(ACTIVITY): Would you transcribe the listing exactly as it stands, minus any images?

BEGIN AVAILABLE DATA

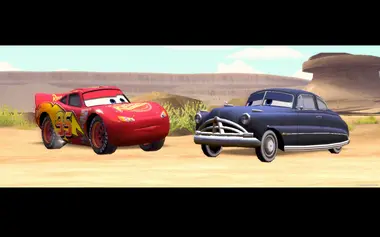 Disney Cars Classics preview 5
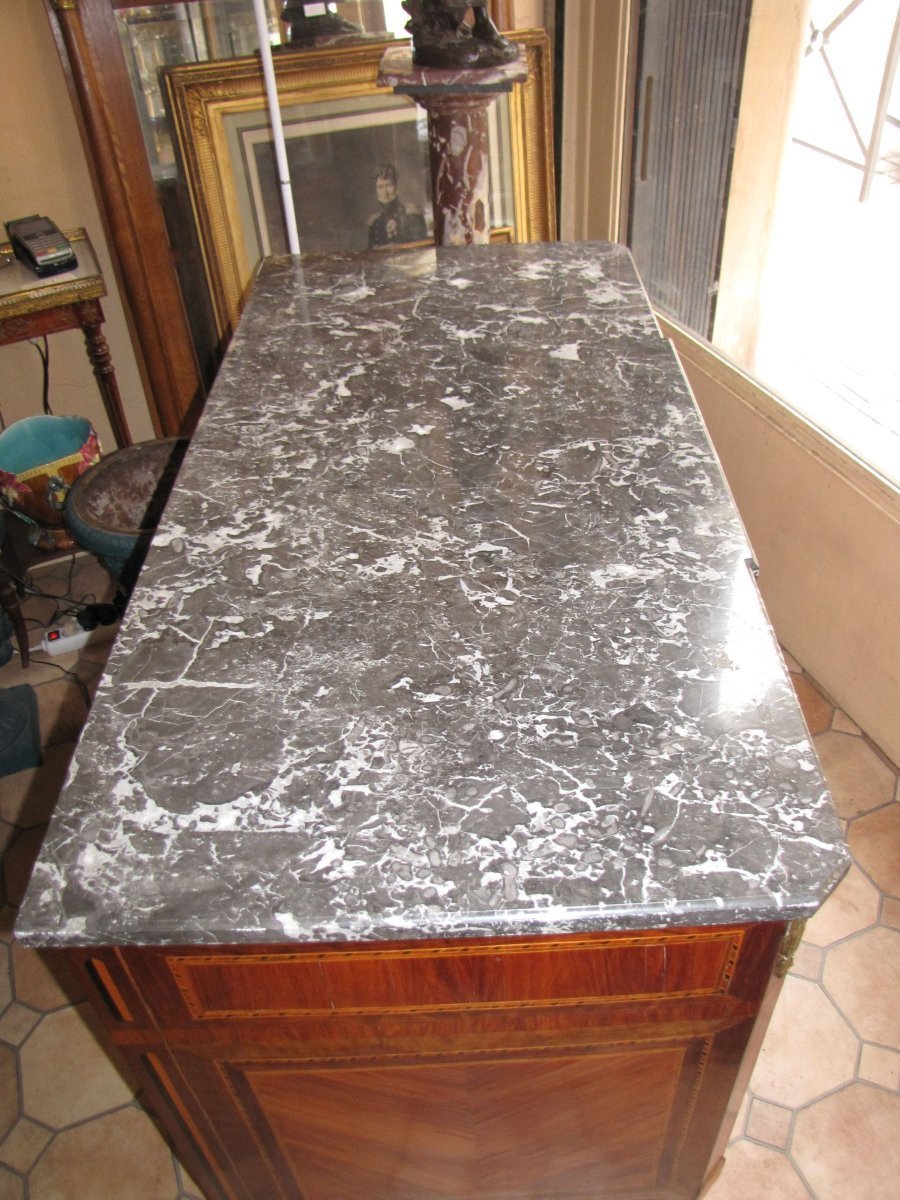 Commode louis XVI-photo-6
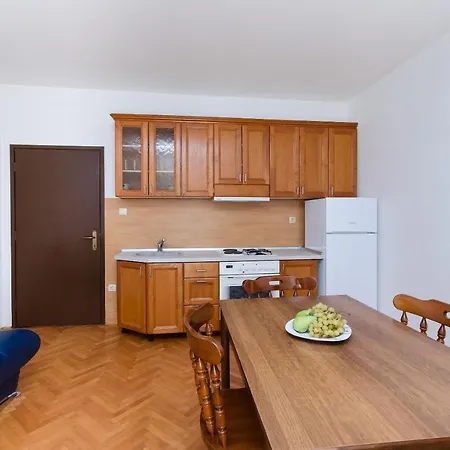 Apartments Ruza A Lopar Extérieur photo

END AVAILABLE DATA

(THE ANSWER):
 Disney Cars Classics preview 5
 Commode louis XVI-photo-6
 Apartments Ruza A Lopar Extérieur photo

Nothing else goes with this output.